To help visualize the workings of an electric fence, it helps to see it another way. Such a fence works like a table lamp, ceiling light or any other electric appliance that gets plugged in and is turned on and off with a switch. Your car battery has the same thing......a (+) post and a (-) post. To turn the lights on, you flip the switch.
In such a setting, there is a hot wire and a ground wire. The same exists with an electric fence. Hot wire (+) and ground wire (-). Except in this case, the animal is the switch. If it touches the hot wire while in contact with the ground (literally the ground upon which they stand), the current flows through and they get shocked. If they are climbing on a standard wire fence that is connected to the ground, such a fence will conduct electricity and works the same as if they were standing on the ground.
If the woven wire or other fence is nailed to wooden posts.....those do not conduct the juice all that well, so the shock would be reduced or eliminated.
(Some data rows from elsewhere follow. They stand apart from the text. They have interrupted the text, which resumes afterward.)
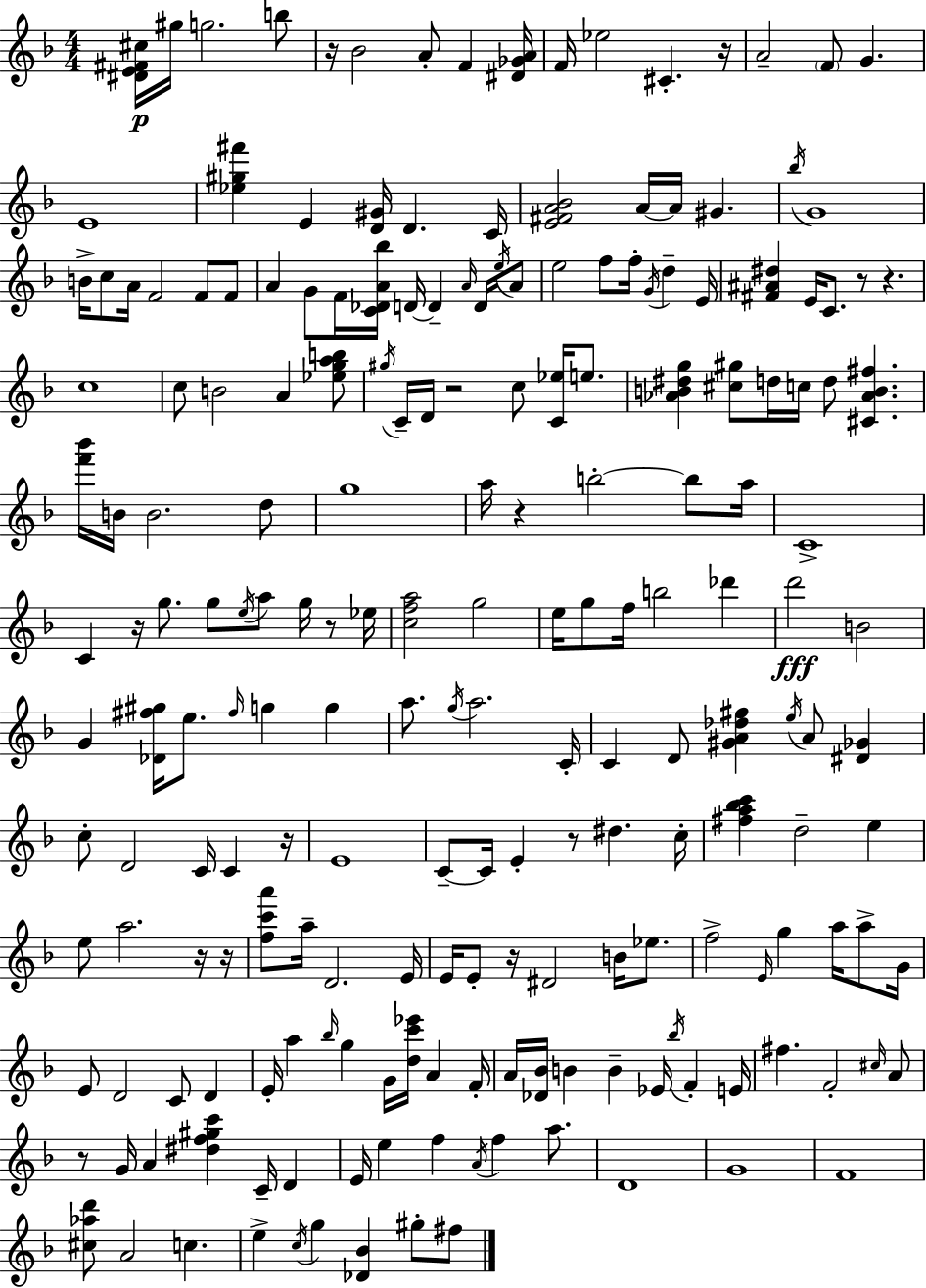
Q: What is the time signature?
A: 4/4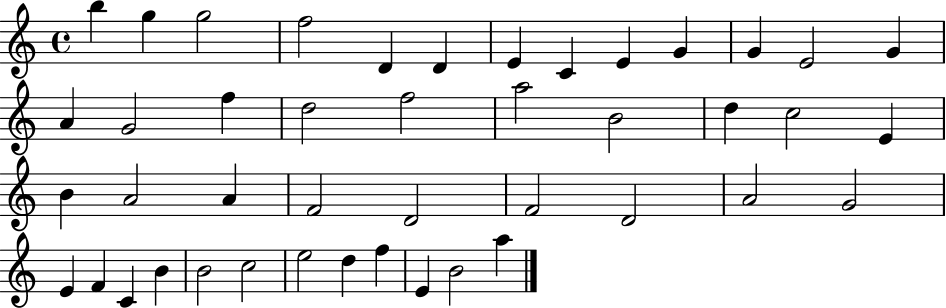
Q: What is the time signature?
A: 4/4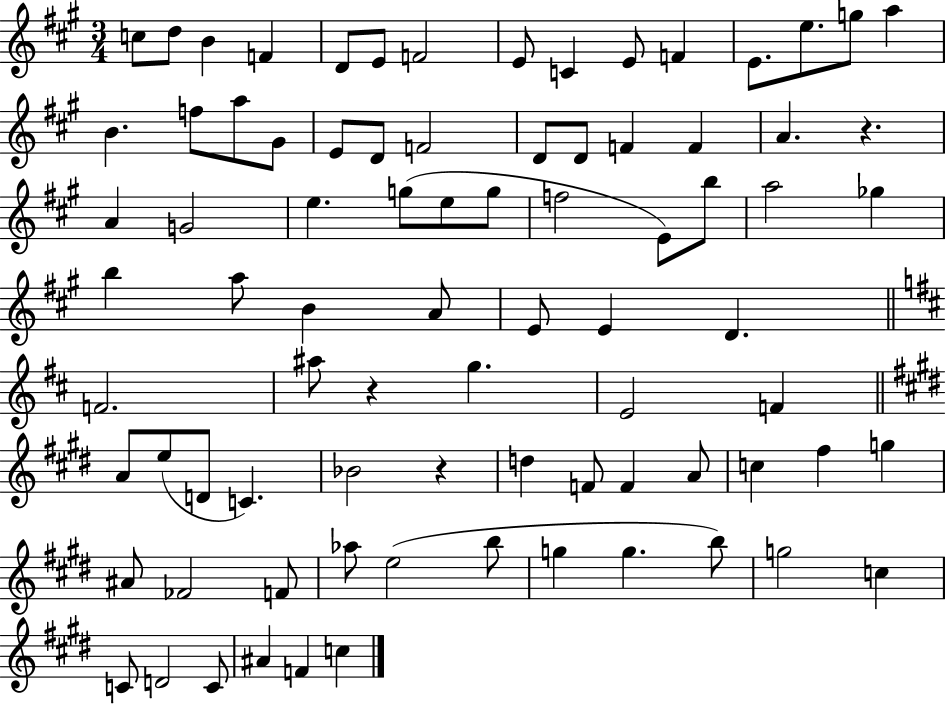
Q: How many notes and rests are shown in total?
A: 82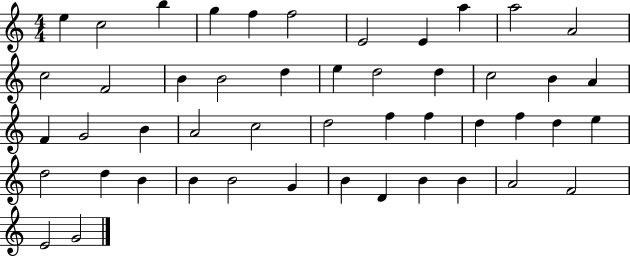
E5/q C5/h B5/q G5/q F5/q F5/h E4/h E4/q A5/q A5/h A4/h C5/h F4/h B4/q B4/h D5/q E5/q D5/h D5/q C5/h B4/q A4/q F4/q G4/h B4/q A4/h C5/h D5/h F5/q F5/q D5/q F5/q D5/q E5/q D5/h D5/q B4/q B4/q B4/h G4/q B4/q D4/q B4/q B4/q A4/h F4/h E4/h G4/h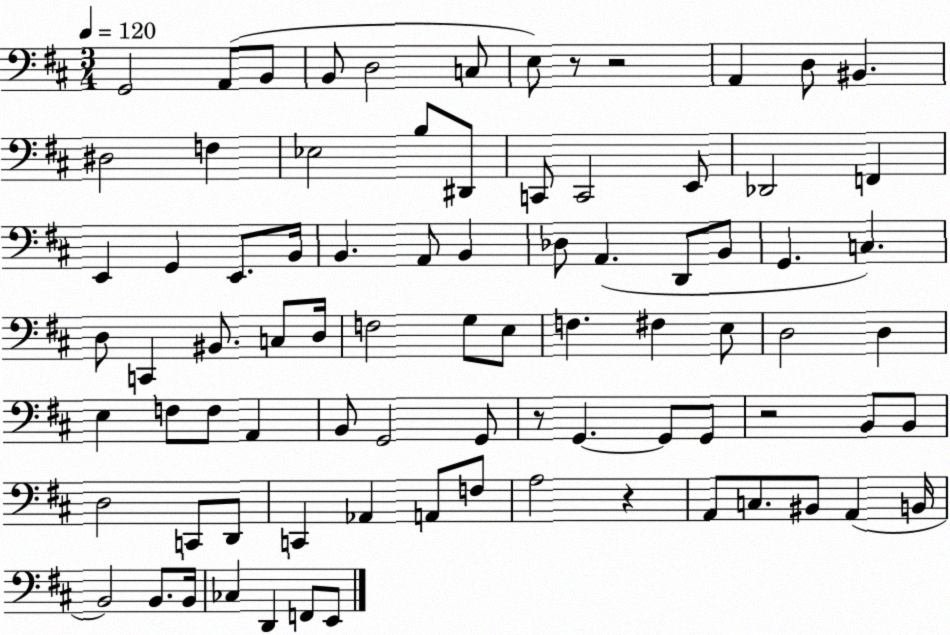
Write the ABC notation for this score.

But if it is mounted on steel posts driven into the ground, it works well.
So if the woven wire is tied back to the ground, you can run hot wires alongside it and if the animal is climbing the woven wire, then touches the hot wire, they get zapped.
So goal is to run the hot wires very close to the woven wire, and as many strands as needed to make sure that any effort on their part to go up and over will always mean they touch a hot wire and get it.